I hope these so-called "personhood" amendment proposals fail in North Dakota, Colorado and possibly elsewhere.

Monday, October 27, 2014

Jay Michaelson on the true anti-Israel faction

Jay Michaelson, a self-proclaimed "dove," says if we want to to play the card "Who is anti-Israel?" among those who are merely dovish and hawkish Zionists, then the dovish Zionists may wish to fight back and call the hawks the greater danger to Israel's security and existence. I have voiced similar opinions in the past several years. See here, here and here, for example.

What I say now is: Good for Jay. Jay does not really believe AIPAC is anti-Israel as he recognizes pluralistic political philosophy. Instead, what he believes is that we American Jews especially have to stop making the subject of Israel an ideological pseudo-religious dispute that posits a good and an evil side. We who believe in the basic idea of Zionism should communicate on a level that asks what is the best, most practical public policy for the US, Israel and the Palestinians.

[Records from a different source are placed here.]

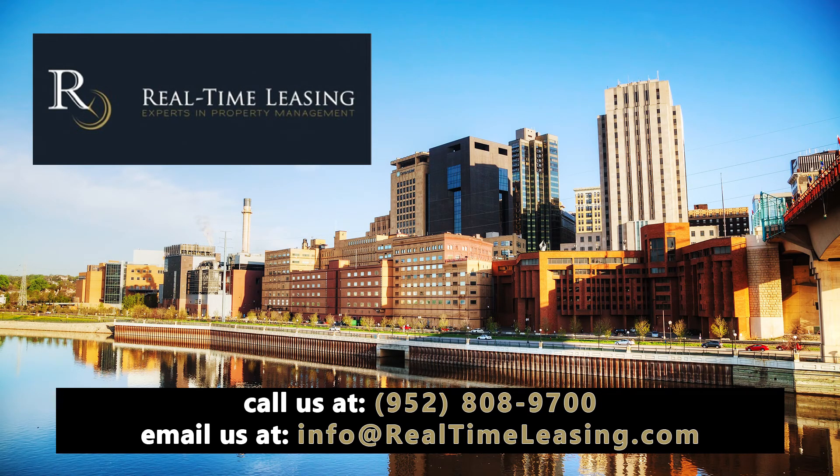When investigating your property management company, make sure you ask these questions and others that you may have. If you have any questions, feel free to call me anytime.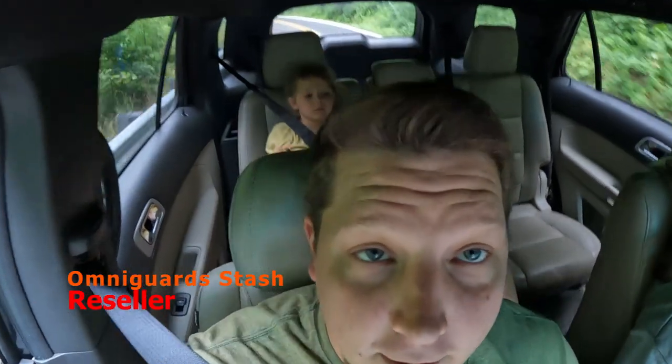Well hey guys, welcome back to another video. Today we're going to be going to a Goodwill. We're going to take the whole family and we're going to go see what we find.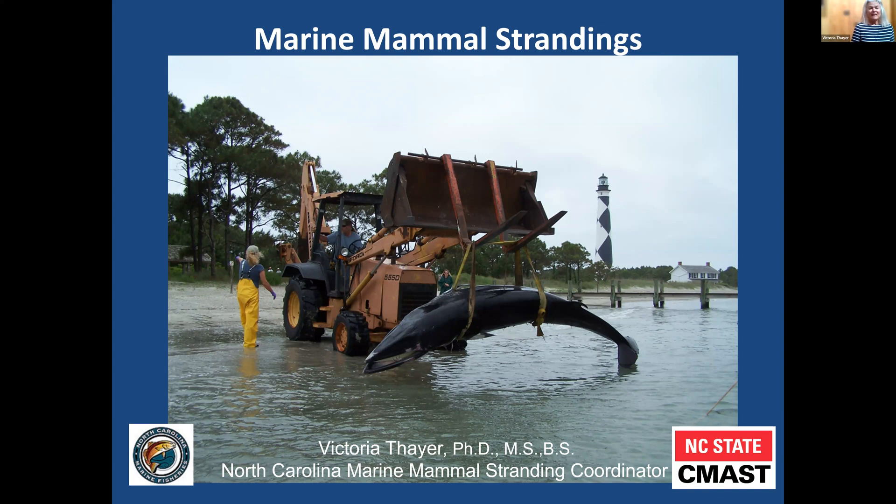Good morning, everyone. Thank you for being here. I'm very happy to be here. I'm Vicki, and I am the Marine Mammal Stranding Coordinator for North Carolina. I'm happy to be here today at the Maritime Museum, whose staff and volunteers contribute to excellent ongoing research and education and work in marine mammal science.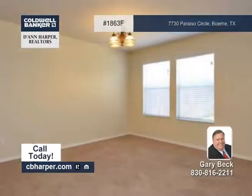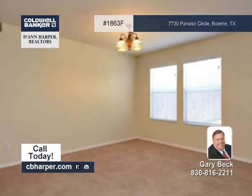Situated in Lost Creek Ranch, this very spacious three bedroom, two and a half bath home could be yours.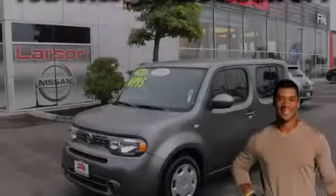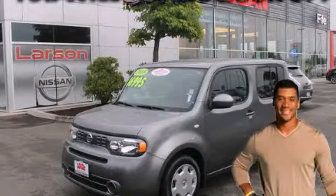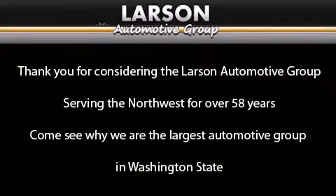Call or visit us right now and arrange your test drive today. Thank you for considering the Larson Automotive Group, serving the Northwest for over 58 years. Come see why we are the largest automotive group in Washington State.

Too bad there are so few voices like Jay Michaelson's to make this point stick. But his commentary helps us begin to think about these matters in a more fair and intelligent way.

(Edited)

Friday, October 24, 2014

Steve King, what makes you think this is heaven?

Steve King (R-Iowa) says he does not expect to meet gays in heaven.

I can see it now. Steve King eventually dies and ends up in a place that seems perfect. He looks around, asks around and finds no gays or even lesbians. He finds a male butler, however, and asks him if there are any gays or lesbians around and the butler, played by Sebastian Cabot, says "No, sir, there are not." Steve sighs happily and says, "See? I told people when I was alive that there were no gays in heaven!" Then the butler laughs and says, "Mr. King, what makes you think this is heaven?"

Hat tip to Rod Serling. In the Twilight Zone.